28 fevereiro 2007

Ilusão perfumada


Quando ele quis saber qual o perfume que eu usava imaginei que estava a fazer a pergunta cirúrgica para me etiquetar num qualquer estatuto social e estive quase a pôr-lhe um xis na testa, mas sem provas resolvi dar-lhe o benefício da dúvida, tanto mais que as suas nádegas e os seus neurónios ainda não se tinham revelado maus argumentos.

A investigação aprofundada e repetida revelou-me que ele me reconhecia pelo cheiro, o que o fazia iniciar sempre o ritual da cópula com o nariz cravado no meu pescoço em fungadelas persistentes e como o odor imprescindível era o do meu perfume, bastava trocá-lo por outro para lhe diminuir drasticamente o rendimento.

E um dia em que a moleza não me deslocou da frente da televisão descobri que com Lacoste ficaria de tal modo encalorada que só usaria vestidos frescos e leves até uma chuva tropical se abater sobre mim e me colar a roupa à pele para deixar transparecer as formas num autêntico chamariz para quem olhasse. Se optasse pelo J'Adore, libertar-me-ia dos desejos femininos das jóias, do dinheiro ou dos carros topo de gama na ânsia frenética de usar apenas a pele que trago de origem, atitude que qualquer homem agradeceria com os olhos marejados de alegria como se lhe tivesse saído o Euromilhões.

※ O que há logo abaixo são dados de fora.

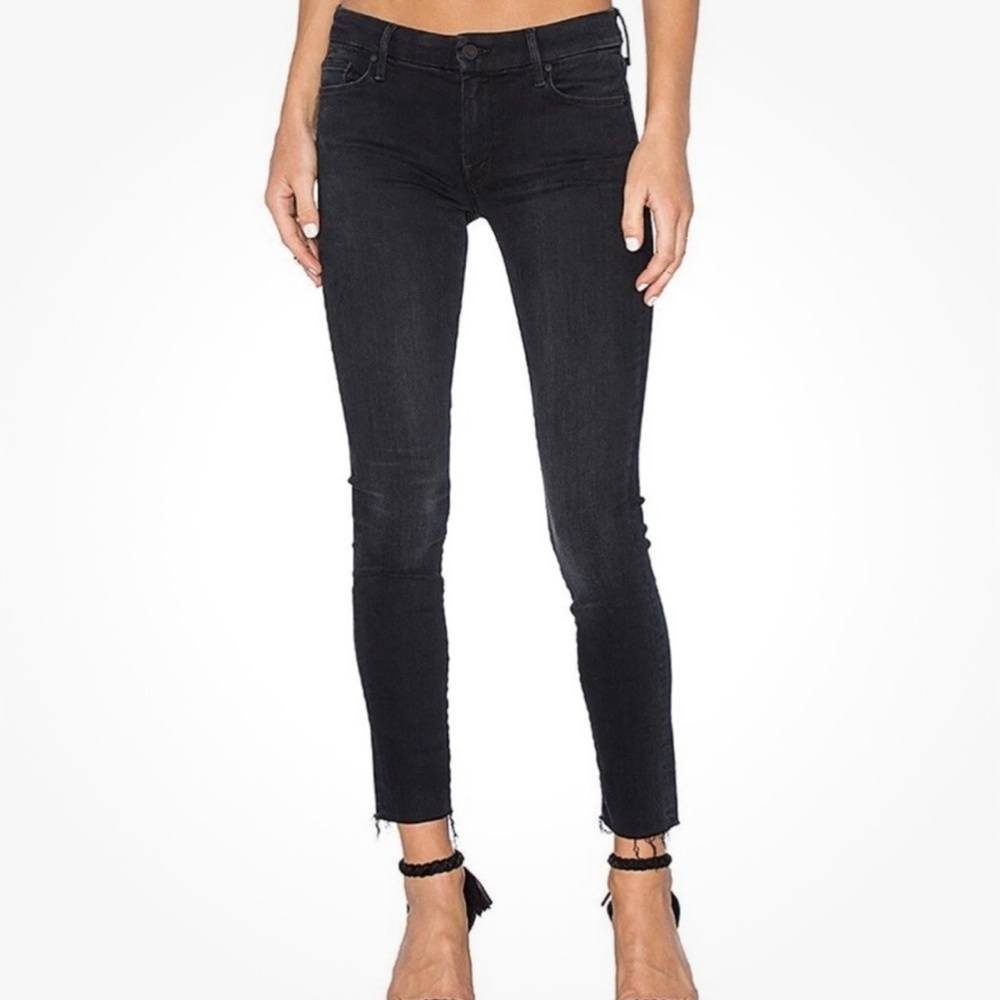 Mother Denim‎ $228 Jeans Skinny Looker Ankle Fray Black Jeans Blackbird Size 27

Com o Noa seria virginal e clássica como o nascimento de Vénus de Botticelli e adequada ao anseio masculino de ser o primeiro, enquanto que para ser uma diva acessível apenas por fugazes instantes que indeléveis ficariam na memória, nada melhor que o Channel 5.

Continuo é sem compreender como é que sendo a perfumaria um mundo imaginário masculino, seja uma raridade encontrar homens a atender no balcão de uma.